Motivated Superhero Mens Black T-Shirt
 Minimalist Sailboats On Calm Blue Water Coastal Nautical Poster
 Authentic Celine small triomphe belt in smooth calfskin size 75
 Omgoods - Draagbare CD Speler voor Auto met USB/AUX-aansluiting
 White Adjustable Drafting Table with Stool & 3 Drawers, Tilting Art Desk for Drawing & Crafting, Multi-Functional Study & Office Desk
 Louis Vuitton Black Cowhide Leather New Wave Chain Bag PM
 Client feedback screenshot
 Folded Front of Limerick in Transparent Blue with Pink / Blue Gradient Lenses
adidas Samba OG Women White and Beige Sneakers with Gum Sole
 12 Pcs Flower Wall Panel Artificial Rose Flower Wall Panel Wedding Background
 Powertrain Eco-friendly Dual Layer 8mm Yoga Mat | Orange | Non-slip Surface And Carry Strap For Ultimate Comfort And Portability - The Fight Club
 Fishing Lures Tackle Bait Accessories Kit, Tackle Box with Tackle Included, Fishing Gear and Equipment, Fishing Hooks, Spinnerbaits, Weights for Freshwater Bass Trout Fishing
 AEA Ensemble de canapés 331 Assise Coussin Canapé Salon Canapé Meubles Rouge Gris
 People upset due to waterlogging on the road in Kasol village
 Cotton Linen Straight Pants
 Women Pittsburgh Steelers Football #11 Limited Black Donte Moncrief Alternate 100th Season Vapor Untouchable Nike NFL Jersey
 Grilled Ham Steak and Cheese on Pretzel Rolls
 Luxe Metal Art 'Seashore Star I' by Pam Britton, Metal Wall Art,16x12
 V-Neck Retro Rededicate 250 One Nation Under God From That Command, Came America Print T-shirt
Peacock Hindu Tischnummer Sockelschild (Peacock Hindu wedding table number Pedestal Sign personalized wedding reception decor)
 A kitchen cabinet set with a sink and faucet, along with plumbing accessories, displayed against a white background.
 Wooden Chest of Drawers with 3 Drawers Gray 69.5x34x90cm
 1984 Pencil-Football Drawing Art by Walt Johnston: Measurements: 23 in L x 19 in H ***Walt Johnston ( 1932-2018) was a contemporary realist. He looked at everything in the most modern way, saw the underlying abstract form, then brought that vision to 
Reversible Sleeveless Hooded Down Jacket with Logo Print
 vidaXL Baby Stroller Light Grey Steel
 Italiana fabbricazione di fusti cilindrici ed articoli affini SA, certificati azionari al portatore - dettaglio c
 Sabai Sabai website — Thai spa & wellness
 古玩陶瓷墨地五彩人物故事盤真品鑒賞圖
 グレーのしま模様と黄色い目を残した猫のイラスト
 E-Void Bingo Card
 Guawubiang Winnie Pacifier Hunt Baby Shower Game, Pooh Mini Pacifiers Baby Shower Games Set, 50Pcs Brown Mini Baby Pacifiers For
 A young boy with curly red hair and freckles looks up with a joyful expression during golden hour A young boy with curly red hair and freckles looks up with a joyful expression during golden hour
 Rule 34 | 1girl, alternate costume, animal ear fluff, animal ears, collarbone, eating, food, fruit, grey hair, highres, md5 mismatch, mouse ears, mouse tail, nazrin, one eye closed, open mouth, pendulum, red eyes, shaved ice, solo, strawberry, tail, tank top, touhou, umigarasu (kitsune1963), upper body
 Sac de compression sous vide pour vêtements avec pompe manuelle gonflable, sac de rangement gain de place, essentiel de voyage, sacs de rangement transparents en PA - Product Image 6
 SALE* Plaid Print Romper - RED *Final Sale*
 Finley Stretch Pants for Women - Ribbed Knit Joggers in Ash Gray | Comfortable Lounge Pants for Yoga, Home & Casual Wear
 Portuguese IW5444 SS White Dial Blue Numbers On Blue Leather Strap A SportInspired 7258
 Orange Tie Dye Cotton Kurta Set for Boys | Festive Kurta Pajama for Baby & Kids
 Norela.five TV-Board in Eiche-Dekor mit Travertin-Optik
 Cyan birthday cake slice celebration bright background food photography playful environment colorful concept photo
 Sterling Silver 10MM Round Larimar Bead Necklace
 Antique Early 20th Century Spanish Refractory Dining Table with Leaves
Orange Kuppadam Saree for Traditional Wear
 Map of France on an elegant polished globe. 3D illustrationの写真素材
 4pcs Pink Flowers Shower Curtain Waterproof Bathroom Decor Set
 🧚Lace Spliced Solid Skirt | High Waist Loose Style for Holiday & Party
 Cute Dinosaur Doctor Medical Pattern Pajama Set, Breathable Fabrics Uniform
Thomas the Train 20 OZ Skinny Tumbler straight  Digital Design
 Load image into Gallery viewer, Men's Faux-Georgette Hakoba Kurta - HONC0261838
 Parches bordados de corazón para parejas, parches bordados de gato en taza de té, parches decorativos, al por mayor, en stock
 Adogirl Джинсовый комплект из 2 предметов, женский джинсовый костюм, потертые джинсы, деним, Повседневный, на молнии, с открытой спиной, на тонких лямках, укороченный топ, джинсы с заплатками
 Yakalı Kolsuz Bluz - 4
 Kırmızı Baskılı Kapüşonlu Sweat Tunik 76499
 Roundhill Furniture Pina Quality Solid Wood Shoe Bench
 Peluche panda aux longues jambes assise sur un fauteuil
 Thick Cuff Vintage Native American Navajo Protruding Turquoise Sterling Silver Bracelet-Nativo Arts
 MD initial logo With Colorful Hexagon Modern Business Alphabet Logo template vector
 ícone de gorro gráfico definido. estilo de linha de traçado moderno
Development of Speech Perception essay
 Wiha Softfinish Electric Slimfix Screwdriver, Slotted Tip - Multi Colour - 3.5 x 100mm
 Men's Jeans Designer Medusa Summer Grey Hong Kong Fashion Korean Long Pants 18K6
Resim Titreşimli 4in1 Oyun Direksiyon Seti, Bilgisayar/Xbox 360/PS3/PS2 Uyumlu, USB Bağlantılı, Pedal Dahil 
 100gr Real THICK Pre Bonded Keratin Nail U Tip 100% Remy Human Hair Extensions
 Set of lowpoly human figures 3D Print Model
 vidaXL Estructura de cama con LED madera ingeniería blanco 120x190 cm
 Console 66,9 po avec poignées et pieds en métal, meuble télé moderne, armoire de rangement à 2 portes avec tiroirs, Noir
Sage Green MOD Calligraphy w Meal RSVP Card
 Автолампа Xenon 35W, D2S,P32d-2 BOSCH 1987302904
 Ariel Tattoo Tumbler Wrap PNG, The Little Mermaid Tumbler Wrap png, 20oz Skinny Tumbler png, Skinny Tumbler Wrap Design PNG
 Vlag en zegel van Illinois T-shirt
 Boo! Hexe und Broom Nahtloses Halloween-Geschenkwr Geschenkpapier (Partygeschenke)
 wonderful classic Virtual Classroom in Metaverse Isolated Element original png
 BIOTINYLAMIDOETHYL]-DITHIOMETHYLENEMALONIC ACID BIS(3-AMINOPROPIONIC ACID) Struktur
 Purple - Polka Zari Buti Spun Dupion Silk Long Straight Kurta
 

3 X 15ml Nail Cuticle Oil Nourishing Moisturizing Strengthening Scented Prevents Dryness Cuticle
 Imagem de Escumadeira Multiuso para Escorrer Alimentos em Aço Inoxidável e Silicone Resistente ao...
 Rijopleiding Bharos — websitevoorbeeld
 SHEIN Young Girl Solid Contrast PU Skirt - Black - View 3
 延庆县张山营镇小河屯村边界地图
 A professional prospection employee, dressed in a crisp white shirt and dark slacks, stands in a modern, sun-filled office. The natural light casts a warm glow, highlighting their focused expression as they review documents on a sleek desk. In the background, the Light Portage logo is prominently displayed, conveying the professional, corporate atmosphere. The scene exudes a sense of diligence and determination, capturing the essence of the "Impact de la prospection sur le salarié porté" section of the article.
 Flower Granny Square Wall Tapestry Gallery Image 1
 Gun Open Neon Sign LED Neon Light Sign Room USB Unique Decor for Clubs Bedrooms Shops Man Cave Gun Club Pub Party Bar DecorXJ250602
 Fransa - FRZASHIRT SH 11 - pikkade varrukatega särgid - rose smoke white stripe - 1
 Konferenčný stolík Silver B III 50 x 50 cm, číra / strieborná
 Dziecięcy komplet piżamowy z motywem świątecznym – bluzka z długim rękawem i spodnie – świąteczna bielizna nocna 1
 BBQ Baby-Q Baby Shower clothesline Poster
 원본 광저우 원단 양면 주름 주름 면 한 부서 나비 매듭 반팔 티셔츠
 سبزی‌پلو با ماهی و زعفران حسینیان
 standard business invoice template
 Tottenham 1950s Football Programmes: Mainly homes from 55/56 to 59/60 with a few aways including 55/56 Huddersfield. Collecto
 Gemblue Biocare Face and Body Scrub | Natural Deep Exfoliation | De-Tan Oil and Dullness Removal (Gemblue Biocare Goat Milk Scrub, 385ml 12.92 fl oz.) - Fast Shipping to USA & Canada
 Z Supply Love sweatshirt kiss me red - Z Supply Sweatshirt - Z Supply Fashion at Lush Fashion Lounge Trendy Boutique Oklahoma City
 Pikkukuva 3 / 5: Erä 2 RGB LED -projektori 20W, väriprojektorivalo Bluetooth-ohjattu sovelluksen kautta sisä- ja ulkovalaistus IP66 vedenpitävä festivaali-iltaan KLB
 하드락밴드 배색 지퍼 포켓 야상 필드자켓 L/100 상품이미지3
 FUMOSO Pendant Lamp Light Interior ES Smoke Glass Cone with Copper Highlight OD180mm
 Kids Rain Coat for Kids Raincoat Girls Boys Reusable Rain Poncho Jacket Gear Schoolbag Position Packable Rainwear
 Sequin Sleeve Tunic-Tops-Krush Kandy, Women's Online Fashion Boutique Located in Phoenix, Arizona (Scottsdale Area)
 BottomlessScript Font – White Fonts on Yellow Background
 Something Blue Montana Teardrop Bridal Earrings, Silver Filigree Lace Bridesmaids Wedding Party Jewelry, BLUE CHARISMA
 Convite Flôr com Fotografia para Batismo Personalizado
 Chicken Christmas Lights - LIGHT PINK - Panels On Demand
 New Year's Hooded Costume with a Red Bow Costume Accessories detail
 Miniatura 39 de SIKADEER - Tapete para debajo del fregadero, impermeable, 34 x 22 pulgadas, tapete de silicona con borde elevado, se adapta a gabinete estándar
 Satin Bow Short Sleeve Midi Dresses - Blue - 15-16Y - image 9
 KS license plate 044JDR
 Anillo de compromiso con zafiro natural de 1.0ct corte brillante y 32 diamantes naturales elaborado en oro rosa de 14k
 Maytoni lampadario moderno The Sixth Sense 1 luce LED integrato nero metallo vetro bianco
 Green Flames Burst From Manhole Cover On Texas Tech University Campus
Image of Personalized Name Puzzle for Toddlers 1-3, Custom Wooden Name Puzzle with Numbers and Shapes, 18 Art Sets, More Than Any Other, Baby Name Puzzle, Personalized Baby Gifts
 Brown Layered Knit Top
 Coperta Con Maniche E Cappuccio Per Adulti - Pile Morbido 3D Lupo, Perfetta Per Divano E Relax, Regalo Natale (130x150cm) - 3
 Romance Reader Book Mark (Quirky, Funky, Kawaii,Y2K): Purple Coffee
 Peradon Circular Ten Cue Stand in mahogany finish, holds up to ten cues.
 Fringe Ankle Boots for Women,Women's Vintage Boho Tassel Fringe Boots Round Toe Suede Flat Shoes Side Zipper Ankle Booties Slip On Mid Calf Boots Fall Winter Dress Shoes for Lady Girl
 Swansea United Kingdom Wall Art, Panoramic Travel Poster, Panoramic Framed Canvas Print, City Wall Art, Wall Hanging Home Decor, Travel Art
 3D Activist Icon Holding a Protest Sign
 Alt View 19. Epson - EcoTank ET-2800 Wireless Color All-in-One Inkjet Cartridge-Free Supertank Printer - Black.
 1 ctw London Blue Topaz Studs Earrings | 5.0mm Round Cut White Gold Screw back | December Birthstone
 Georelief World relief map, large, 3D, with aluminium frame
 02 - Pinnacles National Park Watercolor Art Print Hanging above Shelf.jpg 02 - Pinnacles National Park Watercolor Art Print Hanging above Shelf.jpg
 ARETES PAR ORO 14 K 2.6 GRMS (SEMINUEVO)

Exercise goal. Count the lines in the listing above that include the word "Boutique". Reply with the number only.

Result. 2